Performance Benchmark Documentation

This documentation outlines the process for conducting performance benchmarks on Text Generation models within the platform. Performance benchmarks are crucial for evaluating the scalability and responsiveness of models under varying levels of user load.

Overview

Performance benchmarks are only applicable to Text Generation models that are deployed with VLLM, TGI, or OI_SERVE. These benchmarks help assess how the model performs under simulated real-world conditions.

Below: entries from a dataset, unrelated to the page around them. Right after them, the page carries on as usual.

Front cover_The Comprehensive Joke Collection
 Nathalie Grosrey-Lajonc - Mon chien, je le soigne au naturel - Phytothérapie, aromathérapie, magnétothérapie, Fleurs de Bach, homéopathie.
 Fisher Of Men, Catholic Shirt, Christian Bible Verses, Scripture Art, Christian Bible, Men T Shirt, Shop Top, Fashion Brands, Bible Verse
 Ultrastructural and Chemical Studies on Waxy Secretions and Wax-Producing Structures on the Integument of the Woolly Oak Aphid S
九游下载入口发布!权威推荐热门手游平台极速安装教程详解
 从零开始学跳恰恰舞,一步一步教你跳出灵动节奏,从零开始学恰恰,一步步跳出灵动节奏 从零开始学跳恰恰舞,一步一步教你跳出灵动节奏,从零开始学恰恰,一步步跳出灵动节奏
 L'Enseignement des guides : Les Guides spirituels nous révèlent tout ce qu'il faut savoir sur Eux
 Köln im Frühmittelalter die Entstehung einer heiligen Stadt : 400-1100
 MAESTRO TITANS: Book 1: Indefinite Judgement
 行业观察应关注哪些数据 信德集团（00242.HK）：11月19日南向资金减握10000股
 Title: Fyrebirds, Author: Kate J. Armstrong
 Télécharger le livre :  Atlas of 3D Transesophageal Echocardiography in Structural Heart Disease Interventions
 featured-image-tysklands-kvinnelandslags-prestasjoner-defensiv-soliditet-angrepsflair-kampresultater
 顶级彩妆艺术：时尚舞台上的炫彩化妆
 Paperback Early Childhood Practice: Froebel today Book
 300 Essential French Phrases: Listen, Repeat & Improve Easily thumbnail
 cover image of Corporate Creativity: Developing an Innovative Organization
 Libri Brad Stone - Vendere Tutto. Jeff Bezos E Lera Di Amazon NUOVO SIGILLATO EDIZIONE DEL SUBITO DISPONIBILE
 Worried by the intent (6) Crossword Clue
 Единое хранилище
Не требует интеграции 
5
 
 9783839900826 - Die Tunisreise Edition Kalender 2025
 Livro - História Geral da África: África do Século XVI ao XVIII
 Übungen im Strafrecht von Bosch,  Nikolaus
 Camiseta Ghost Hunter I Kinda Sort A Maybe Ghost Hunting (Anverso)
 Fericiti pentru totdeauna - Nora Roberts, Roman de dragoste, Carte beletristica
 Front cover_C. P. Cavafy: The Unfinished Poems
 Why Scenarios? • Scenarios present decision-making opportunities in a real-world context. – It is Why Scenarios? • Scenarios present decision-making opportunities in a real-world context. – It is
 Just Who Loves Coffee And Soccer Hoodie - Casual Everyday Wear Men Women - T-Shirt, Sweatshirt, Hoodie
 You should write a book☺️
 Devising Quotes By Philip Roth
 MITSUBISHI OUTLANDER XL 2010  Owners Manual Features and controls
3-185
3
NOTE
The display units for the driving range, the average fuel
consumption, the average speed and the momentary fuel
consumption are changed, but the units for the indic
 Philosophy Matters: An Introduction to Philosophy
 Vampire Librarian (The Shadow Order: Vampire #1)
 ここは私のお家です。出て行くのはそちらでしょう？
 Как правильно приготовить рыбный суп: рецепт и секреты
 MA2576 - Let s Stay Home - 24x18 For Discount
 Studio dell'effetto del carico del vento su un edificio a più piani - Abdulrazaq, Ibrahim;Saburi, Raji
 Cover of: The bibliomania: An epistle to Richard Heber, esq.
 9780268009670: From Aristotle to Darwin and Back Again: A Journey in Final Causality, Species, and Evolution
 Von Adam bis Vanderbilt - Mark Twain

Accessing Performance Benchmarks

To access the performance benchmark functionality:

Navigate to the specific model version you want to evaluate.
Click on the Performance Benchmark tab. This tab displays a list of all previous benchmarks conducted on this model version.

Creating a New Benchmark

To create a new performance benchmark:

Click on the New Benchmark button.
You will be presented with a form to specify the benchmark parameters.
Fill out the form with the following details:
Title: Name of the benchmark for easy identification.
Number of Concurrent Users: Specify how many concurrent users you want the model to handle during the test (e.g., 50, 100, 200).
Prompt File: Upload the file containing prompts that will be used in the benchmark.
Serving Parameters: Set parameters like temperature and top-k if applicable.
Click Save and Run to initiate the benchmark.

Monitoring and Results

Once the benchmark is running:

You can monitor the progress in real-time from the Results Dashboard.
Upon completion, all results will be displayed on this dashboard, providing insights into the model's performance under test conditions.

Exporting Results

Results from the performance benchmarks can be exported for further analysis or reporting:

Export as PDF: For sharing and presentation purposes.
Export as Excel: For data analysis and deeper insights.

These tools ensure that you can effectively use the performance data to optimize model configurations and improve overall system performance.